I was sent the data on Wednesday by the Office of National Statistics whilst researching for an article to mark the one year anniversary of the Royal College of Psychiatrists’ report (which I reviewed here). Having failed to find any up to date statistics, I contacted the ONS with a freedom of information request on Monday. The figures have been published to the ONS website here*, and are discussed in a Guardian article here.

Although the ONS officer I worked with urged caution about drawing conclusions due to the numbers involved, the increase corresponds with a BMJ study of the wider population that suggests the financial crisis may have caused a significant rise in suicides.
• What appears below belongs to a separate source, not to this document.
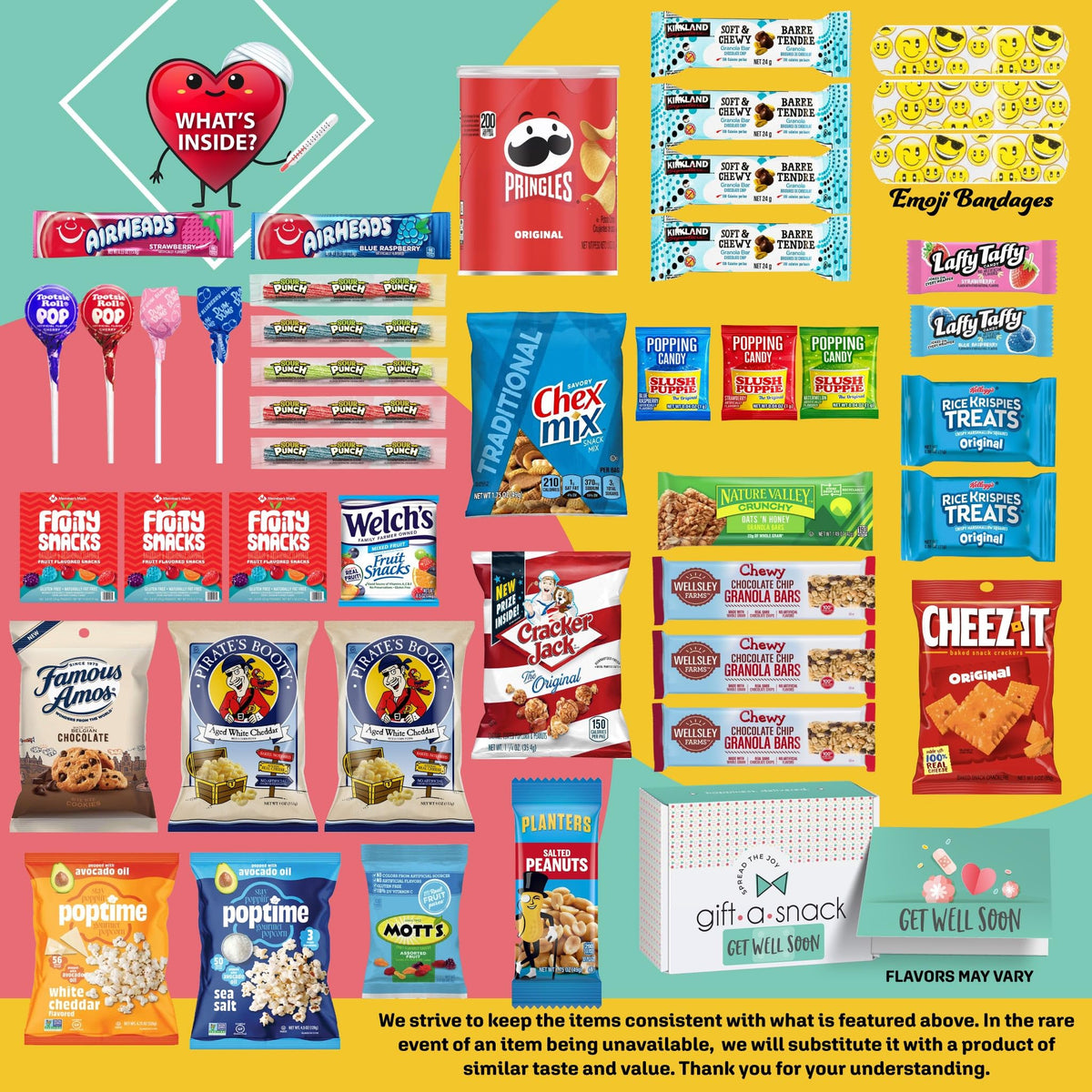 Beautiful branded packaging featuring Nut Cravings elevates gift presentation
It also corresponds with concerns raised in the Royal College of Psychiatrists’ report about the current pressures facing students: “Social changes such as the withdrawal of financial support, higher rates of family breakdown and, more recently, economic recession are all having an impact on the well-being of students and other young people.”

When I received the figures, I was writing an article about the lack of urgency around student mental health. These figures raise further questions about the higher education sector and about what institutions are doing to ensure their students have adequate support. It’s time for the sector to respond.

The Royal College of Psychiatrists’ report provides clear recommendations for institutions and policy-makers. Currently, it is difficult to know which institutions, if any, are making serious efforts to meet these recommendations. This needs to change;

  1. Institutions should guarantee a certain level of support for their students.
  2. Institutions should put in place an institution-wide mental health policy and make it publicly available through their website; the policy should be reviewed and updated regularly by an institution-wide mental health & wellbeing committee that meets several times a year.
  3. The sector should fund a national committee to recognise and promote good practice in student mental health.

It’s up to students, staff, parents, and all those with an interest in the welfare of young people, to demand that institutions and policy-makers prioritise student support.

*The figures are for students aged 18+. ONS data was only available for England and Wales. The number of students in full-time education has increased by 15% during the same period.
Resources:  Universities UK produced a guidance paper on Reducing the Risk of Student Suicide in 2002, available here.